=== Material supplied ===
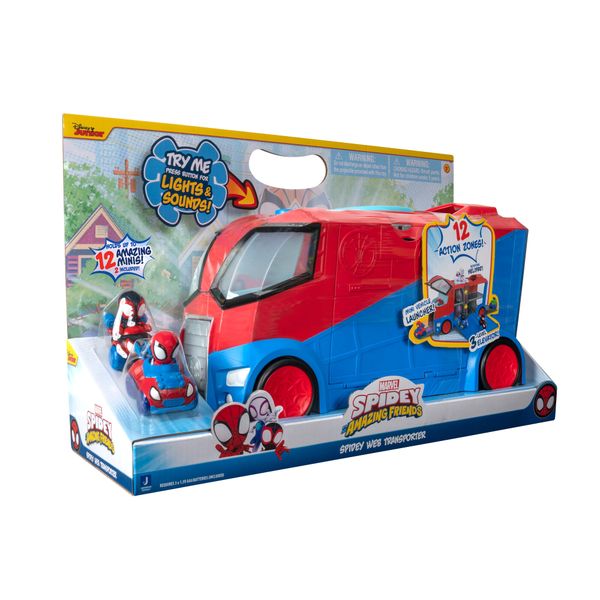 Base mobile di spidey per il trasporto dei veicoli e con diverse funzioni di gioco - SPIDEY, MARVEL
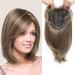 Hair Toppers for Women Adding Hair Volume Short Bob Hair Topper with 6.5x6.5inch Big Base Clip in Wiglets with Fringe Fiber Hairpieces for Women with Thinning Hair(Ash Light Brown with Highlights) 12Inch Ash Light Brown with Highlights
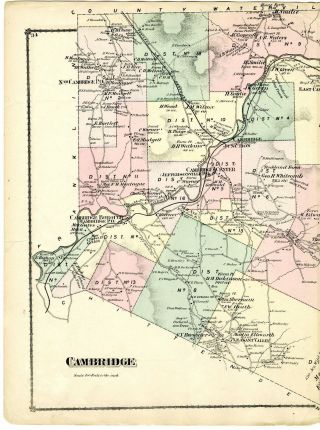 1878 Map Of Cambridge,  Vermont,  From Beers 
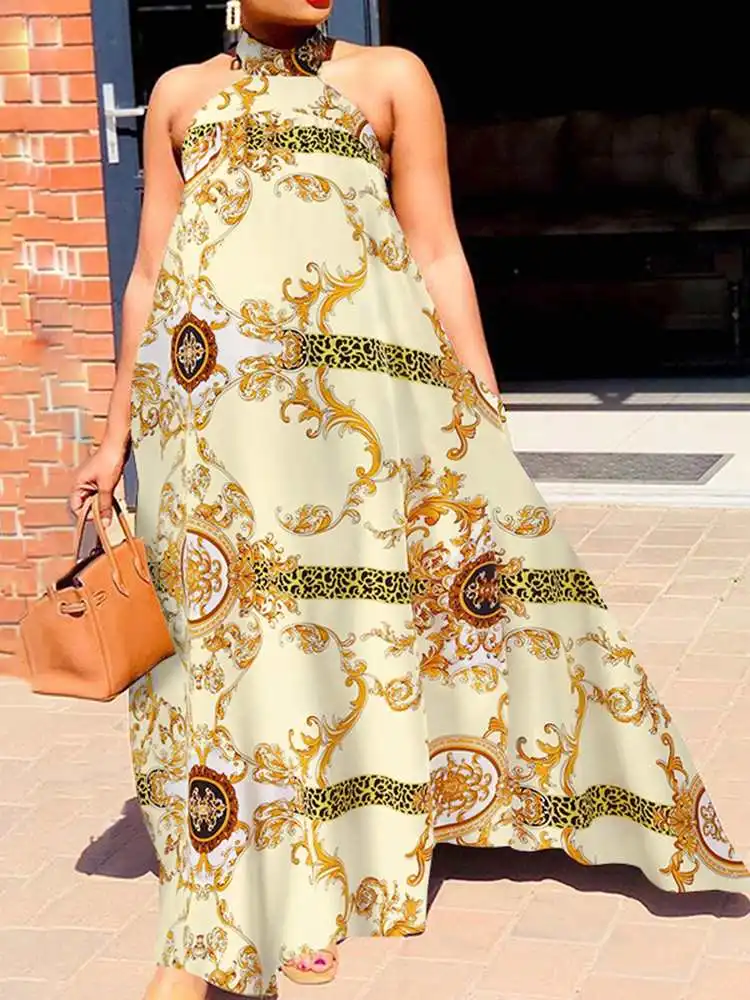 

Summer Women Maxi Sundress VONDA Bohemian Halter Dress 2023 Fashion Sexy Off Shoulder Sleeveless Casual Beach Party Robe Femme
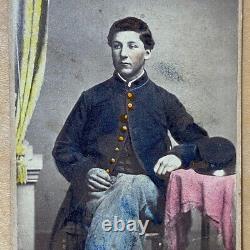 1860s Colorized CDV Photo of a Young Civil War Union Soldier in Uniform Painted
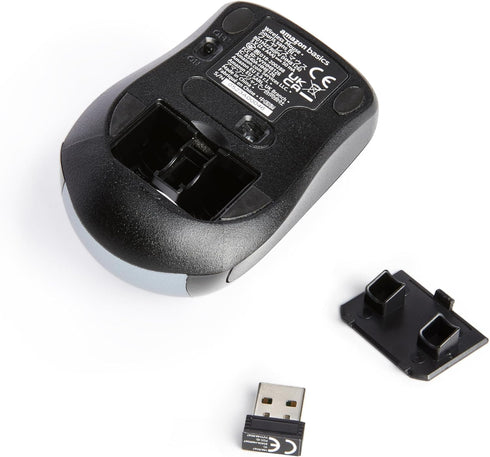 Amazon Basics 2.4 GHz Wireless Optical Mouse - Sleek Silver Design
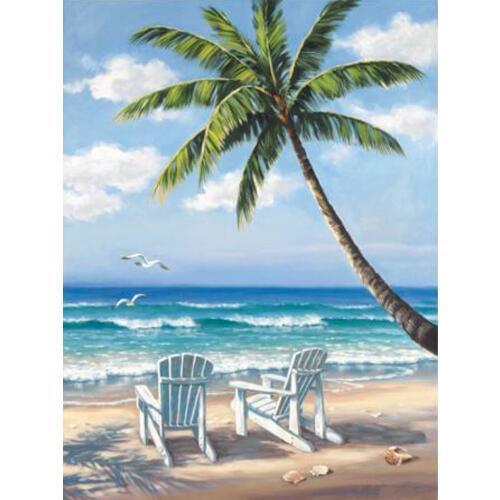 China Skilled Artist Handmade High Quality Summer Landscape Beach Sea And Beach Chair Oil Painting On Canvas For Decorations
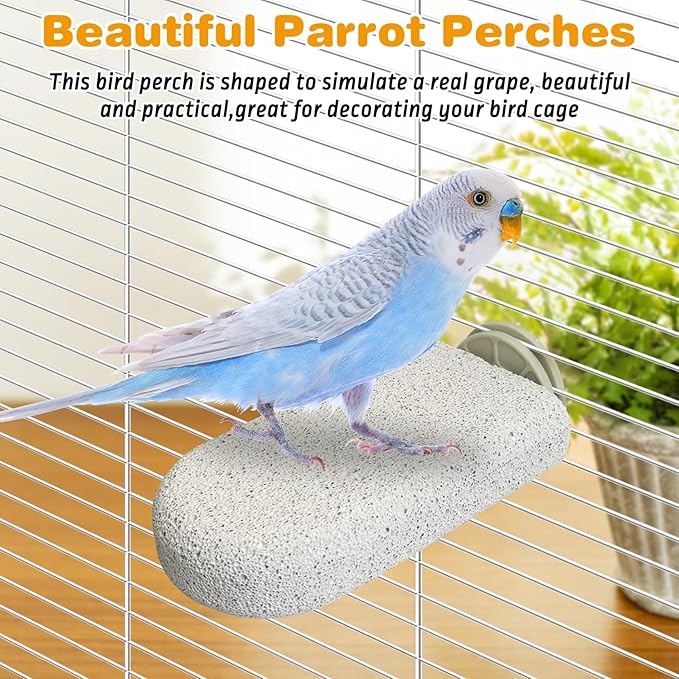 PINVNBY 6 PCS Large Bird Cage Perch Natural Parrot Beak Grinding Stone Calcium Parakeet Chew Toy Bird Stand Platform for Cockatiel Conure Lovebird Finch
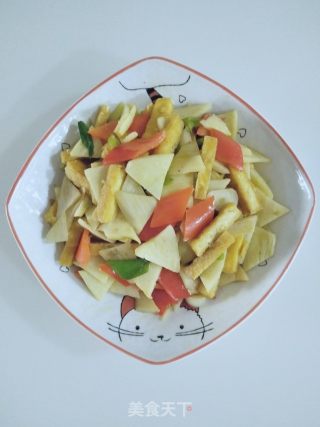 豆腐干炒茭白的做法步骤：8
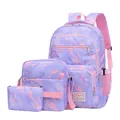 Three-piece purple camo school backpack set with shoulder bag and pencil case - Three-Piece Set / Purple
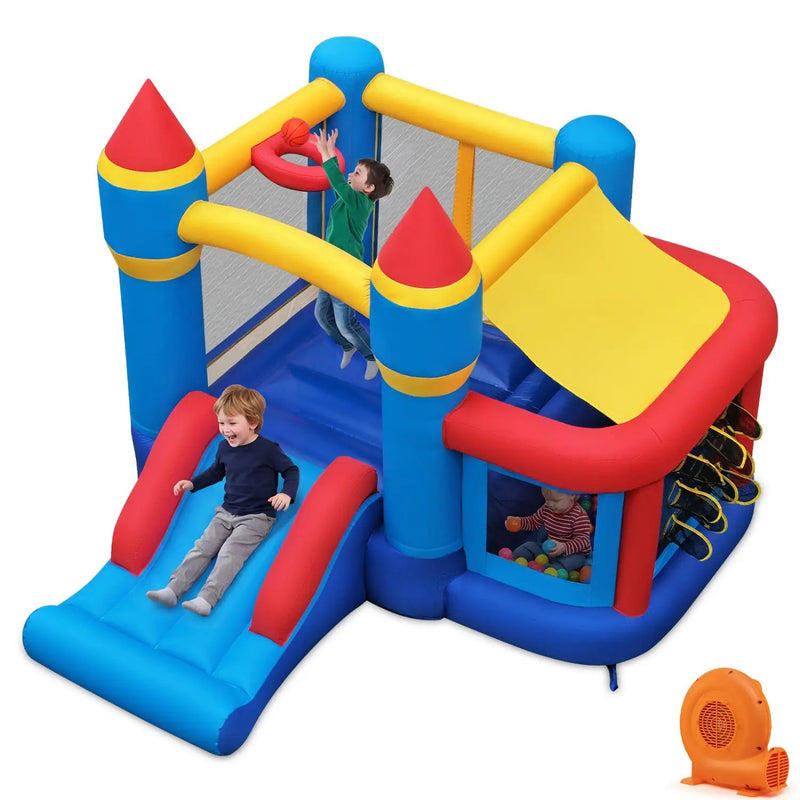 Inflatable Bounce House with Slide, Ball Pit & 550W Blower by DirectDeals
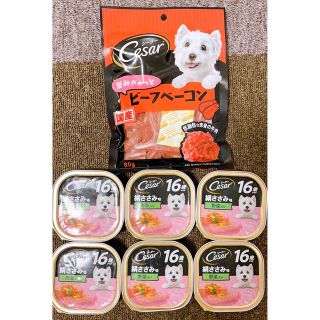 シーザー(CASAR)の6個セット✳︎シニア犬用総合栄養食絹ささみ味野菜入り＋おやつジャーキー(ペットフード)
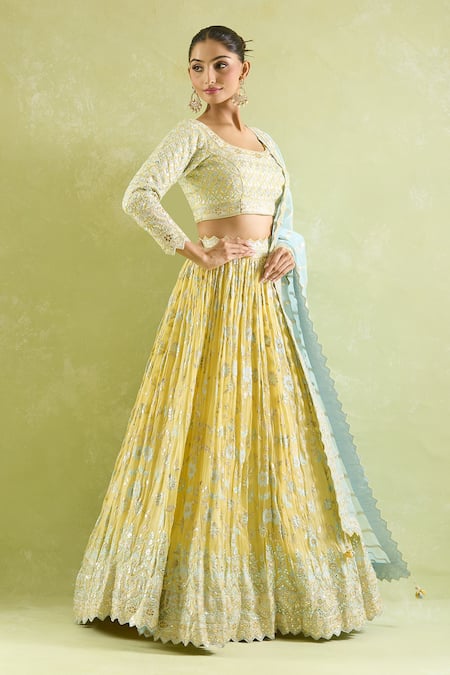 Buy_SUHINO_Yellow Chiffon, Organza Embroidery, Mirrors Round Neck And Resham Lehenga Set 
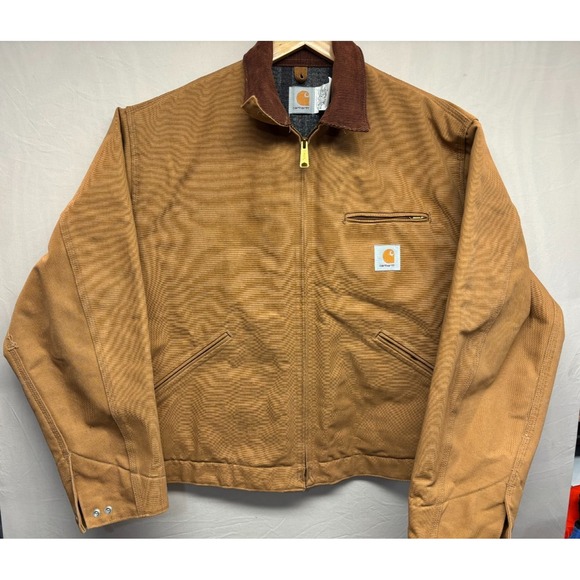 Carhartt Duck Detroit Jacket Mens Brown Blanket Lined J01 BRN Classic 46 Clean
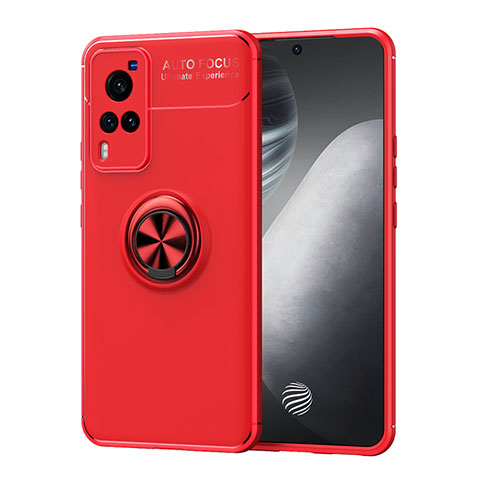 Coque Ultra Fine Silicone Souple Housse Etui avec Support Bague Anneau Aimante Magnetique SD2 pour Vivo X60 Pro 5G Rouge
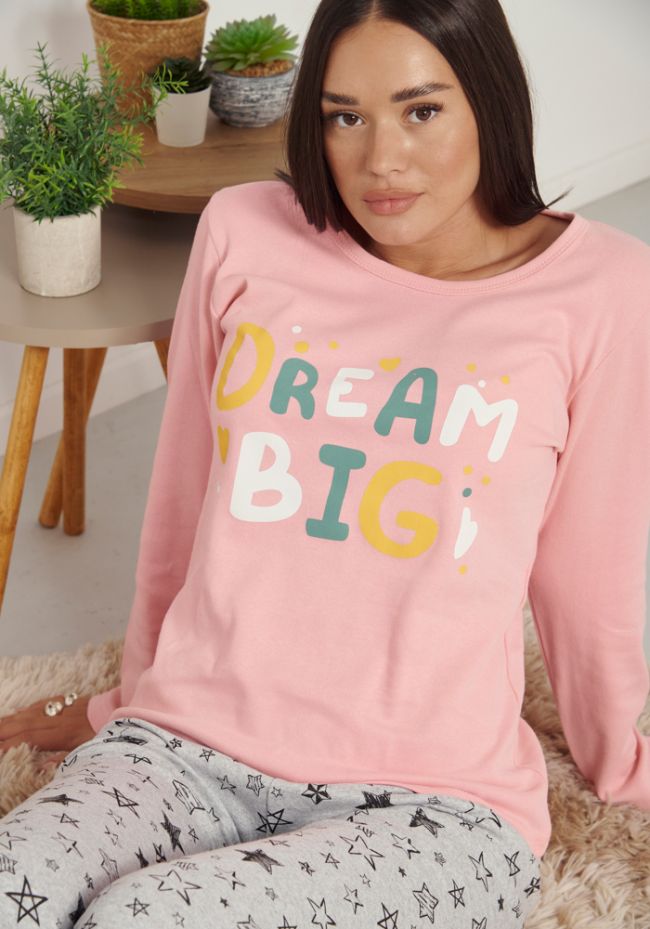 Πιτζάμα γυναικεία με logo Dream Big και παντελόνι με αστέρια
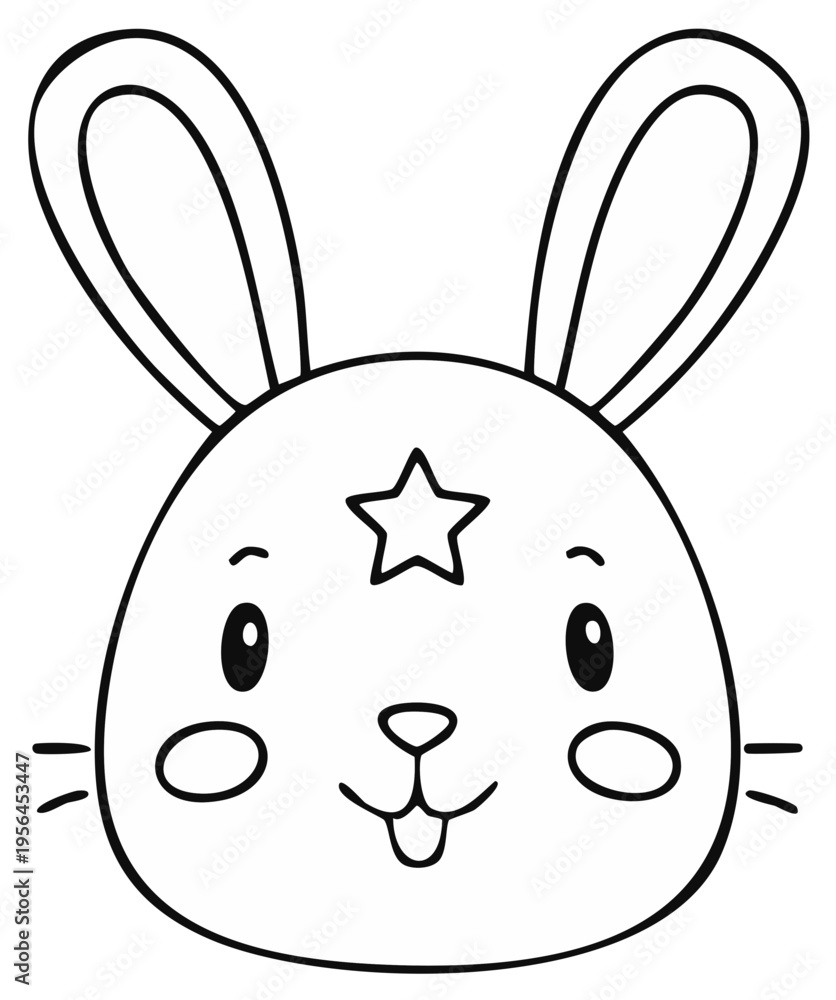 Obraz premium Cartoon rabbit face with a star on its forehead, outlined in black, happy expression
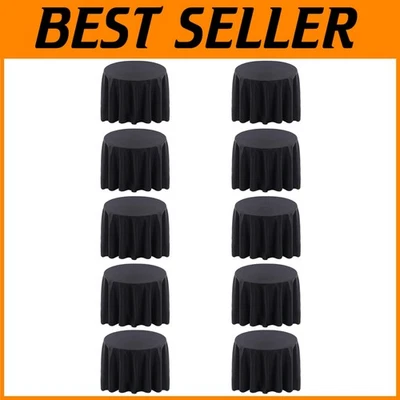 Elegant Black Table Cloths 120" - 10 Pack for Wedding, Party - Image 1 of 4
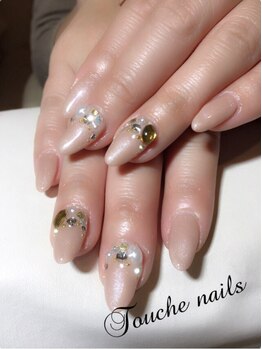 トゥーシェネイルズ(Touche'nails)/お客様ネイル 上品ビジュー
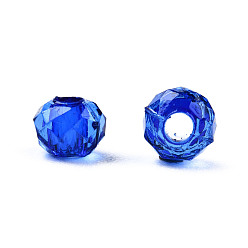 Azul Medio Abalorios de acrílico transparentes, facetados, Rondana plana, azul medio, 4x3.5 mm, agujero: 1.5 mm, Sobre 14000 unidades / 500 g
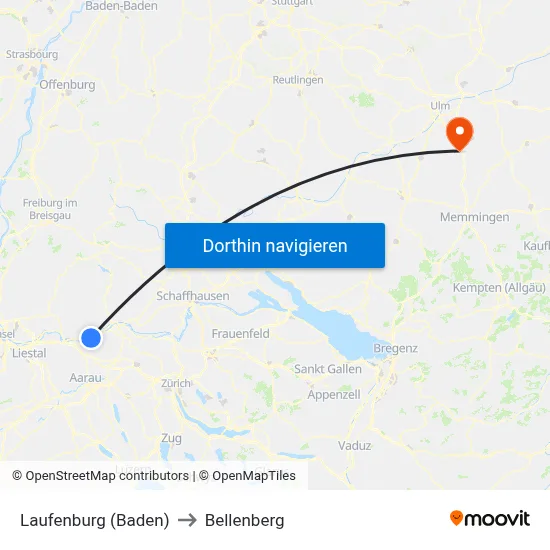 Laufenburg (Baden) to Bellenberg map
===
In the records above, take every line from the opening one through the line with "1860s Colorized CDV" and repeat it exactly; pictures are not part of the copy.

 Base mobile di spidey per il trasporto dei veicoli e con diverse funzioni di gioco - SPIDEY, MARVEL
 Hair Toppers for Women Adding Hair Volume Short Bob Hair Topper with 6.5x6.5inch Big Base Clip in Wiglets with Fringe Fiber Hairpieces for Women with Thinning Hair(Ash Light Brown with Highlights) 12Inch Ash Light Brown with Highlights
 1878 Map Of Cambridge,  Vermont,  From Beers 

Summer Women Maxi Sundress VONDA Bohemian Halter Dress 2023 Fashion Sexy Off Shoulder Sleeveless Casual Beach Party Robe Femme
 1860s Colorized CDV Photo of a Young Civil War Union Soldier in Uniform Painted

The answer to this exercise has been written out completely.